Yep, I’m glad I didn’t get what I thought I wanted back then.

Now this is a phenomenon I’ve put considerable thought into in recent months. You see, almost exactly one year ago, I quit my job. Despite enjoying my work, I wasn’t finding it particularly… fulfilling. I wanted to do more for the world. What? I didn’t know. But something good and something big.

Then, for the next ten or so months, I floundered. Big time. I applied to job after job and got no response after no response. My one big interview ultimately led to an apologetic phone call, with the guy on the other end of the line saying, “You were an extremely strong candidate, but we found someone who we think will be just a little better fit for the position.”

I envisioned myself happily settling in to any of the organizations I was asking to devote my career to. I saw myself effecting change. Doing Good. I wanted — I really, thoroughly wanted — to work for a nonprofit committed to education reform.

And… no dice. My bank account and spirits dwindled.

As time went on, I started to question what it means to do Good, what was reasonable to expect out of a job, what a fulfilling life would (or could) look like, and whether I could add value to the world even if my chosen causes weren’t the basis of my professional career.

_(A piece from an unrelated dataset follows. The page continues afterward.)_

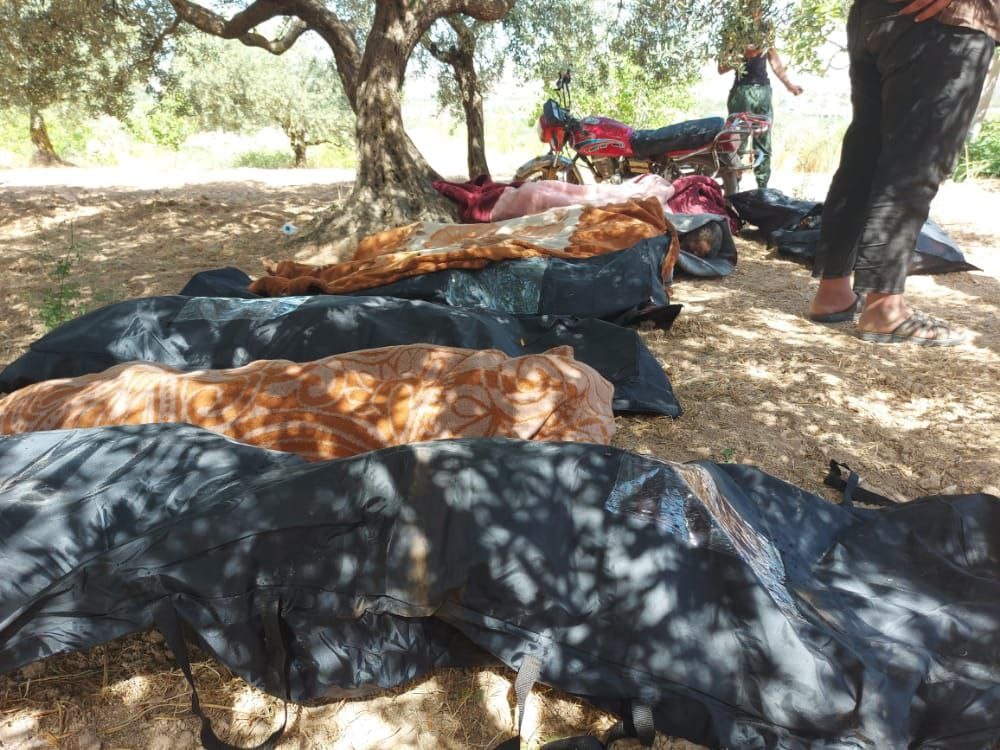سبعة مدنيين وثلاثة قادة من "تـ...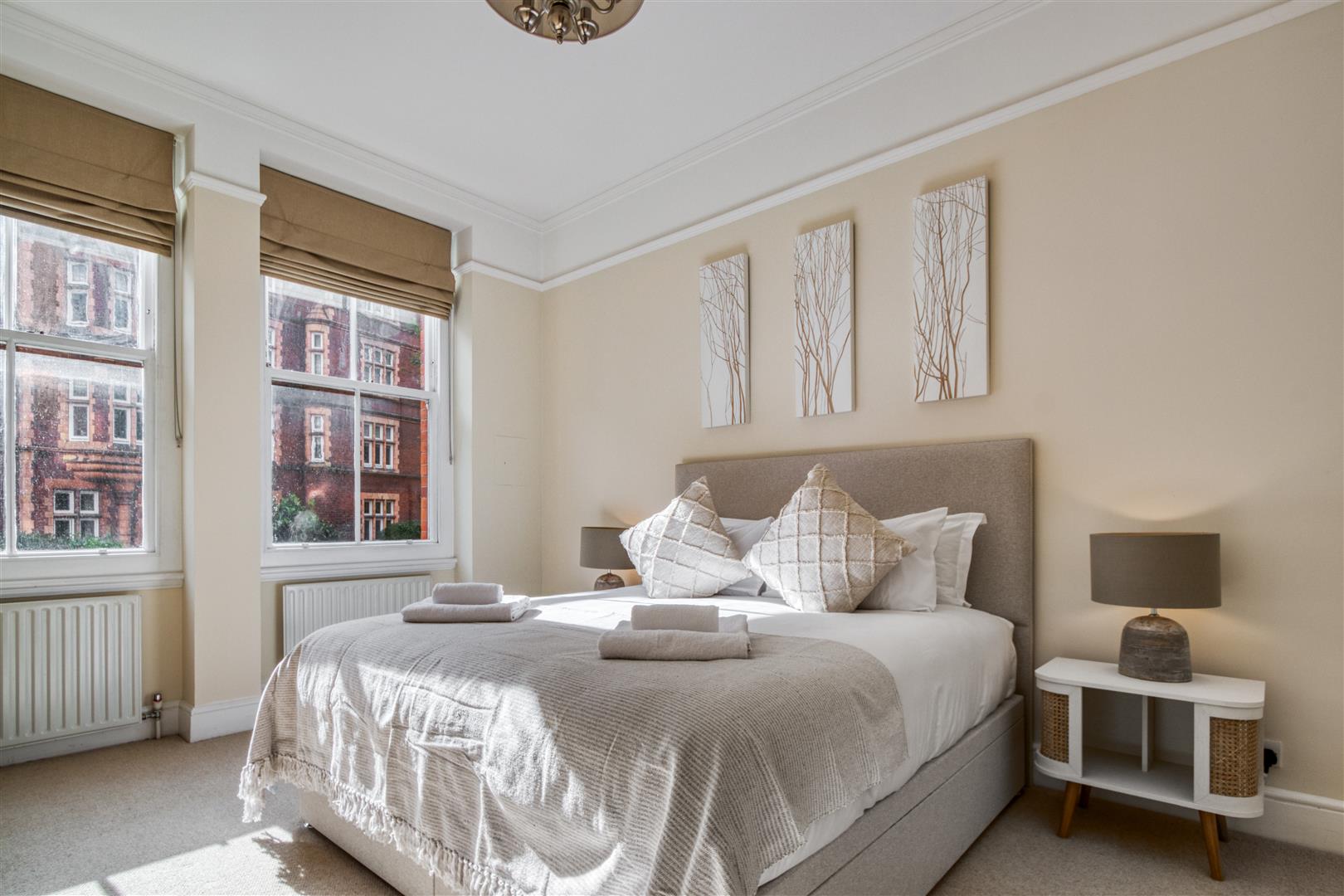 4 bed flat to rent in Kensington Court, London 26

As more time went on, I felt myself increasingly pulled toward the life and work I’d given up. I found myself valuing doing work I love, and accepting that it was possible to be a positive presence in the world without spending my 9-5s dealing with the bureaucracy of the endeavor.

And in late autumn, I went back to Square One. I returned to audio, with my proverbial tail between my legs. Certain that I was making the right decision, but somewhat chagrined at it all.

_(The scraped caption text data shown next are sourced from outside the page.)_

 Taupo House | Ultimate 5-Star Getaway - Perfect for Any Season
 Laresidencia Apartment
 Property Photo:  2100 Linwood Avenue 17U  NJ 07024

The problem here is the correlation of the timeline of this decision with my failure to get into another industry. Did I only choose to go back to sound because I couldn’t get into nonprofit work? Wouldn’t I have been perfectly ecstatic to have been accepted at one of the many organizations I’d begged to take me?

At the time, I wanted to get out of the entertainment industry. I was sure of it. In retrospect, it appears as though I only thought I wanted out. The implications of this are profound: how are we ever to know whether we actually want something, or if we just think we want it?

These continue to be questions I ponder, and I can’t claim to fully be at peace with them.

But… I am happy. Really happy. I’m happy doing my work, I’m much more motivated now than I was a year-and-some-change ago, I’m focusing better and working faster, and see myself in the field long-term. I feel solid and ready to put in the thousands of hours necessary to get really freaking good at what I do.

I look back at the job interview last summer and the many, many applications and essays and organizations, and think… Thank. God. Last year was a little awful to experience, but looking back, I am extraordinarily relieved nothing else worked out.

I thought I knew what I wanted, but I was wrong.

And, like Chris, I am extremely glad I didn’t get what I thought I wanted.

It’s tricky territory, plagued with what-if’s and devil’s advocates and other annoying inconveniences of logic. But Chris’s way with words has brought me a bit closer to accepting and being thankful for what the territory is and what it isn’t, and not worrying so much about what could or would have been.